§ THE PROBLEM
Retype, exactly as they appear below, the lines between the line holding "de Mel Brackstone" and the line holding "De prin țară adunate", both ends included.

§ INPUT RECORDS
• • • • •
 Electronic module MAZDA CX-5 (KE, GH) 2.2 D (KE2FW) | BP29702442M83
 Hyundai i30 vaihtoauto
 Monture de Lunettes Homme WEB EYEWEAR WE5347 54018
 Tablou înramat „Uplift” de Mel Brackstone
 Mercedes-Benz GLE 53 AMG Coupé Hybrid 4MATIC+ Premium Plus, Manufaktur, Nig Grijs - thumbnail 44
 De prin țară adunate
• • • • •
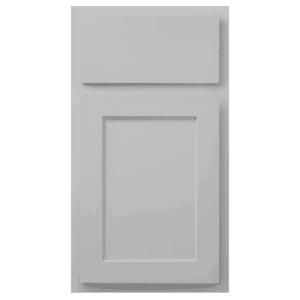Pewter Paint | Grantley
• • • • •
§ EXERCISE RESULT
 Tablou înramat „Uplift” de Mel Brackstone
 Mercedes-Benz GLE 53 AMG Coupé Hybrid 4MATIC+ Premium Plus, Manufaktur, Nig Grijs - thumbnail 44
 De prin țară adunate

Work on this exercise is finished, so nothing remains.